These results followed the same pattern in the PP analysis (Figure 2 and Tables 2, 3). At 8 weeks, fatigue VAS, BDI, BEPSI-K, and MDA decreased, whereas EQ-VAS increased in both groups (PV group; P < 0.001, P < 0.001, P = 0.002, P < 0.001, and P = 0.001, respectively; placebo group; P < 0.001, P < 0.001, P < 0.001, P < 0.001, and P = 0.003, respectively). Additionally, EQ-5D-3L increased only in the PV group (P = 0.02), based on ITT and PP analyses (Figure 2 and Tables 2, 3). Figure 2 shows the LSmean percentage change in fatigue indices (fatigue VAS, BDI, BEPSI-K, EQ-VAS, and MDA) from baseline to 4 and 8 weeks as a result of a separate analysis within each group. In the PV and placebo groups, fatigue indices significantly improved after 8 weeks. However, all secondary outcomes including fatigue VAS, BDI, BEPSI-K, EQ-5D-3L, EQ-VAS, lactate, CK, and MDA concentrations did not differ between the two groups throughout the study period, based on ITT and PP analyses (Tables 2, 3).

Correlation analysis

As shown in Table 4, partial correlation analysis after controlling for age showed that FSS had a positively correlation with fatigue VAS, BDI, and BEPSI-K, but a negatively correlation with EQ-5D-3L and EQ-VAS, based on the ITT population at baseline and 8 weeks. This trend was the same one that was observed in the PP analysis.

TABLE 4

Table 4. Pearson’s correlation coefficient and partial correlation between fatigue severity scale and other fatigue indices.

Safety

All participants completed the protocol without any adverse symptoms or serious adverse events. Additionally, no participants in the two groups complained of adverse effects. After 8 weeks of the trial, no significant changes in the concentrations of liver enzymes, fasting glucose, or creatinine were observed between the two groups (Table 5).

TABLE 5

Table 5. Laboratory findings evaluating the adverse effects and the additional benefits profile¹.

Discussion

To the best of our knowledge, this is the first randomized, placebo-controlled study to evaluate the efficacy and safety of fermented PV on fatigue improvement in adults with subjective fatigue. Fatigue can be broadly divided into peripheral and central types. The former is related to muscle function, and the latter is associated with the central nervous system’s role in activating muscles. This fatigue means that it is mainly caused by sustained physical exercise (31). Moreover, fatigue can be evaluated with subjective and objective assessments, and has been divided into subjective and objective fatigues in this conceptual framework. The reason for the different concepts of fatigue is that there is still no universally accepted definition of fatigue. To develop a more comprehensive understanding of the complex phenomenon of fatigue, it is necessary to merge subjective and objective assessments of fatigue, but this has not yet been possible. In contrast to objective fatigue, which is assessed by quantifiable measures, subjective assessments rely primarily on self-reported perceptions (32, 33). This study used self-report instruments, such as the FSS questionnaire and fatigue VAS. Therefore, the fatigue mentioned in this study is regarded as subjective fatigue (as is based on subjective assessments). We verified the consistency between the participants’ responses to various questionnaires FSS and other questionnaires, including fatigue VAS, BDI, BEPSI-K, EQ-5D-3L, and EQ-VAS. This study showed good significant correlations between FSS and other variables (fatigue VAS, BDI, BEPSI-K, EQ-5D-3L, and EQ-VAS) at baseline and 8 weeks later. These correlations indicate that the participants’ responses to the questionnaire in the two groups are reliable (34). Nevertheless, contrary to expectations, daily intake of fermented PV for 8 weeks did not show a more remarkable effect than that of placebo on FSS, fatigue VAS, BDI, BEPSI-K, EQ-5D-3L, EQ-VAS, lactate, CK, and MDA concentrations in adults with unexplained fatigue.

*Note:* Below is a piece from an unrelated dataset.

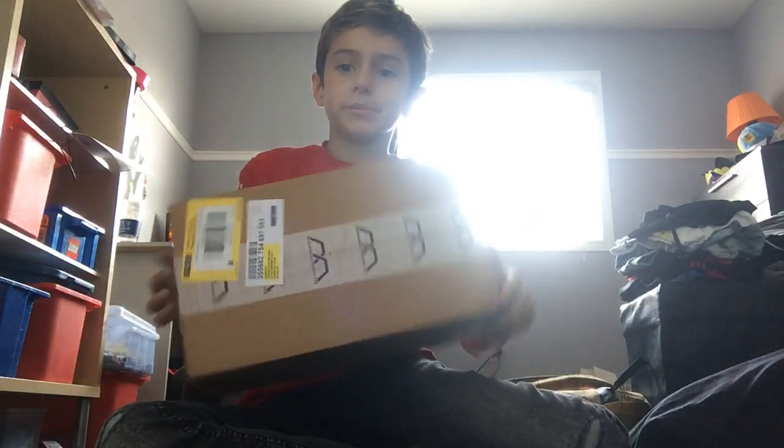Hello everybody, this is me, Retro, here back with another video. Today we are going to be unboxing the Ducky 1-2 Mini.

In East Asia and Southeast Asia, the fruit of Prunus mume is used in juices, as a pickle, or even as a traditional medication for fatigue (13, 14, 35). A previous animal study has shown that the administration of 7.5% PV diluted with distilled water (7 mL/kg body weight) for 4 weeks significantly improved treadmill running time as a marker of fatigue recovery in Sprague-Dawley rats, and then increased glycogen accumulation in the muscle and liver in exhausted Sprague-Dawley rats following high-intensity exercise (17). Additionally, PV supplementation increased lactate dehydrogenase and glutathione peroxidase concentrations, while reducing ammonia, inorganic phosphate, lactate, CK, and MDA concentrations (17). However, this study showed that PV intake could affect fatigue recovery, but it did not statistically exceed the placebo effect.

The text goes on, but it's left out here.